How to Make a Game Like Wordle (Step by Step with AI)

Build your own Wordle clone with AI. The exact mechanics to recreate, a step-by-step plan, the right template to start from, and how to handle the word list and daily puzzle.

Wordle is the cleanest possible first game to build. There is no character to animate, no physics to tune, no camera to fight. The entire game is a hidden word, a grid of letters, and a coloring rule. That is exactly why it makes such a good build-it-with-AI project: the logic is small and completely defined, so you can get a playable version fast and spend your real time on the parts that make your version yours.

This guide walks through the mechanics you actually need to recreate, then builds the game step by step with Summer Engine, an AI-native game engine that is compatible with Godot 4. By the end you will have a real project you own and can export, not a demo trapped in a browser tab.

{/* IMAGE: A finished Wordle-style grid mid-game, three rows filled with green, yellow, and gray tiles, an on-screen keyboard below color-matched. 1200x675, screenshot */}

The Core Mechanics You Are Recreating

Before you prompt anything, it helps to name the parts. Wordle is four systems stacked together, and each one is small.

1. The hidden answer

One word, five letters, chosen before the round starts. In the daily version it is the same word for everyone that day. In a casual version it is random each round.

2. The guess grid

A grid that is 5 columns wide and 6 rows tall. You get six attempts. Each attempt fills one row, one letter per tile.

3. The coloring rule

This is the heart of the game and the one place people get the logic subtly wrong:

  • Green: the letter is in the word and in the correct position.
  • Yellow: the letter is in the word but in a different position.
  • Gray: the letter is not in the word.

The trap is duplicate letters. Say the answer is CRANE and you guess EERIE. The answer has exactly one E, so only one of your three E tiles should light up, not all three. The correct rule resolves greens first, then assigns yellows only up to the number of unused matching letters left.

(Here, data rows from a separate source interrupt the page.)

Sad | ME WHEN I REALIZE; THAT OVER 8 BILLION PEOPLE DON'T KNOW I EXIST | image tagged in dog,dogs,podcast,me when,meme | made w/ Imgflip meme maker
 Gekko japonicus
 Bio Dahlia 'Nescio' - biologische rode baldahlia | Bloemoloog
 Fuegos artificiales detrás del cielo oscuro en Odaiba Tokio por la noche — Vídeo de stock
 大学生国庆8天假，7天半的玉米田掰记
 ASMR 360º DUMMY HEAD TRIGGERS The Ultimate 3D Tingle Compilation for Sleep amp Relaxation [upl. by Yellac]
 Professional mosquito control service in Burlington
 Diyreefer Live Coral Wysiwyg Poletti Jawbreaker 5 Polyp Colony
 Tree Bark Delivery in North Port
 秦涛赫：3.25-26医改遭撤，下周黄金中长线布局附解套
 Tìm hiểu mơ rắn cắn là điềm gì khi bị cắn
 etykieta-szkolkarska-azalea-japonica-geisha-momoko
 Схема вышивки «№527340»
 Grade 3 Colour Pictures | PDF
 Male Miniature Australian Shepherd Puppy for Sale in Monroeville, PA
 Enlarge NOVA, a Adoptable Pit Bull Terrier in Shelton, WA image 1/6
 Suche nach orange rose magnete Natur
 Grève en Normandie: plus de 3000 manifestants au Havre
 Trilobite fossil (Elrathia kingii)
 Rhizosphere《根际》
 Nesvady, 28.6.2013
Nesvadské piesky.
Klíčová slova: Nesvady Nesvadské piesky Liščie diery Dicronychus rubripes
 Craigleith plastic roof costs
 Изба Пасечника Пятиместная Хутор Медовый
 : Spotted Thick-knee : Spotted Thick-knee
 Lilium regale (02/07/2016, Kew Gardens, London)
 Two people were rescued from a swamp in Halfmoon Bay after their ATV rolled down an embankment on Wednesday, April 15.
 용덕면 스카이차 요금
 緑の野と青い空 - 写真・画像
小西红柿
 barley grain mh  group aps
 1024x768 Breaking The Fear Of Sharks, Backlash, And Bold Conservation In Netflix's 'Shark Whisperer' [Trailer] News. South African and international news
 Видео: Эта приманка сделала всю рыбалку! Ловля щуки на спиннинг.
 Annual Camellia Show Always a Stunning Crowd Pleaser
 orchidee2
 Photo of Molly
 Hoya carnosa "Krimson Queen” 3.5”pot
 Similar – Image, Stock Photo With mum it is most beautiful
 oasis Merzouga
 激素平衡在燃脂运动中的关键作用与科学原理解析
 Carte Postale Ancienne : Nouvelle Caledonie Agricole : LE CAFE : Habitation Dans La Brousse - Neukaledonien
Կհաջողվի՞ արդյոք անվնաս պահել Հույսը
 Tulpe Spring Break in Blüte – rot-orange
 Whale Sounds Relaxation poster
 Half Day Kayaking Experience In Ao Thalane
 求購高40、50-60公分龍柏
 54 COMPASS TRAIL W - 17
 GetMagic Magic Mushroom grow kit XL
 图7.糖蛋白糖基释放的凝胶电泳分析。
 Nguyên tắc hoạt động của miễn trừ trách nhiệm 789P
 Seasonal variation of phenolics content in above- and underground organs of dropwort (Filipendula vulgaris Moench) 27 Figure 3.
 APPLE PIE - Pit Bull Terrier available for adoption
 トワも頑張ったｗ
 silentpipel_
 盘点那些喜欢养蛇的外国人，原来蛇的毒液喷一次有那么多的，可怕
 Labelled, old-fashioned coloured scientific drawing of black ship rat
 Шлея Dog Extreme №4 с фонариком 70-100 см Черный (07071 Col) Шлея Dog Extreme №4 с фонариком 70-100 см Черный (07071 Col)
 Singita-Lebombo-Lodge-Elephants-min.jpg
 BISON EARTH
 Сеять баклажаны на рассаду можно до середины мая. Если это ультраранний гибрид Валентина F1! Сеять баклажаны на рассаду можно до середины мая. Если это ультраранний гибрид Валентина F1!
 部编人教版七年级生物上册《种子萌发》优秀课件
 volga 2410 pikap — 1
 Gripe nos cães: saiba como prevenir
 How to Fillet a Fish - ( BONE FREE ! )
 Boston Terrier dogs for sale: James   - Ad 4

Ask the AI to handle duplicates explicitly, because a naive checker that just asks "is this letter anywhere in the word" will color too many tiles and feel broken.

4. The keyboard mirror

An on-screen keyboard where each key takes on the best color you have earned for that letter so far. Green beats yellow, yellow beats gray. This is what lets players track what they have ruled out without re-reading every row.

Get these four right and you have Wordle. Everything else (the daily timer, the stats, the share string) is optional polish on top.

Step 1: Start From a Puzzle or 2D UI Template

Open Summer Engine and create a new project. A word game is a UI-driven 2D game: there is no world to move through, just a grid and a keyboard on a flat screen. Start from a 2D puzzle or UI template so the project is already set up for a screen full of interactive tiles rather than a side-scrolling level.

Browse the full set on the templates page. The puzzle and UI starters give you the right foundation: a single main scene, anchored layout that scales cleanly, and input wired for clicks and key presses. You are not trying to find a "Wordle template" specifically. You want the closest grid-and-buttons starting point, and the AI fills in the rest.

If you are brand new to the whole flow, the AI game maker page shows how a project goes from a single sentence to something playable.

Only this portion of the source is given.